### DIRECTIONS FOR THIS TASK
Print exactly the lines from the one that contains "Matriz de Bordado - Flamingo Escandinavo" through the final line of the entries below, both included, and nothing else; omit the pictures.

Captioned web images:
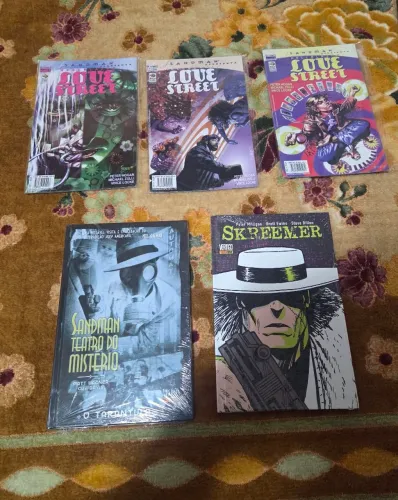 Lote gibi hq quadrinhos dc vertigo hellblazer sandman superman lex luthor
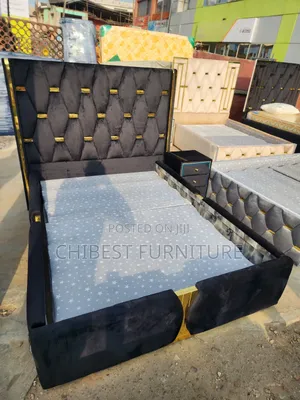 Quality 4.5by6 Upholstery Padded Bed Frame With One Bed Side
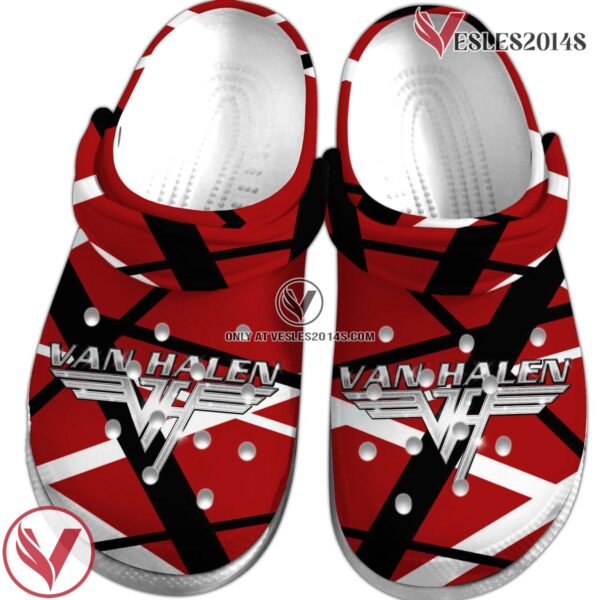 Van Halen Music Crocs Crocband Clogs Shoes, Unique Gifts For Fans Style 3 - Vesles2014S 2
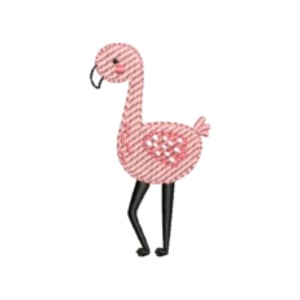 Matriz de Bordado - Flamingo Escandinavo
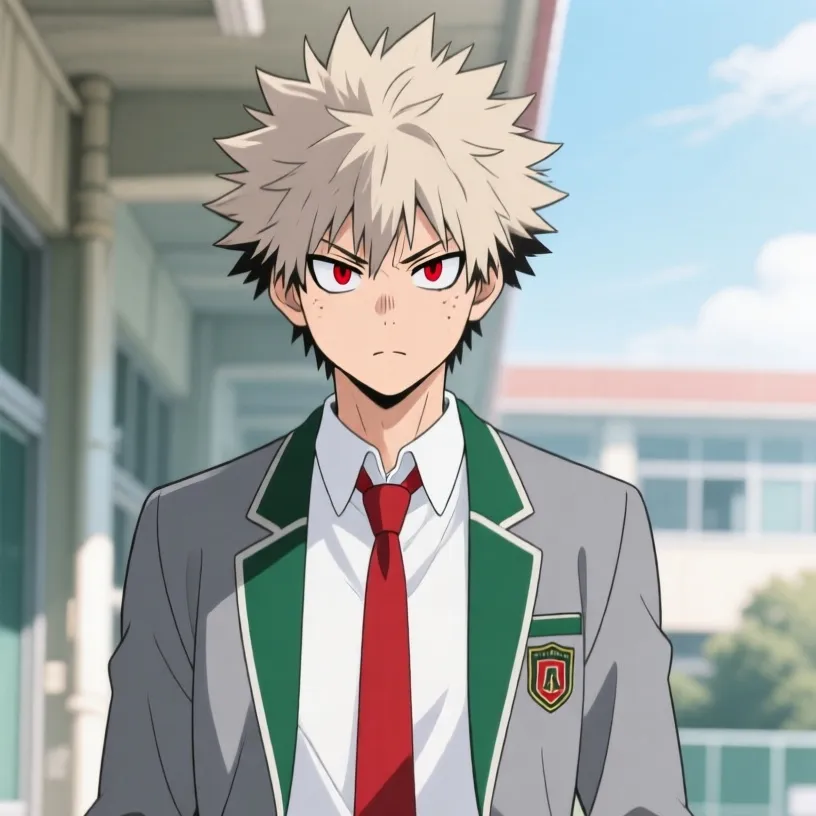 chat with ai character: Bakugo Lockdown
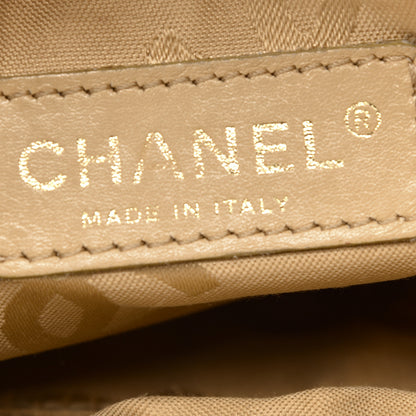 Chanel Canvas Camellia Printed Shoulder Bag Beige Grey 6 of 11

### OUTPUT FOR THIS EXERCISE
 Matriz de Bordado - Flamingo Escandinavo
 chat with ai character: Bakugo Lockdown
 Chanel Canvas Camellia Printed Shoulder Bag Beige Grey 6 of 11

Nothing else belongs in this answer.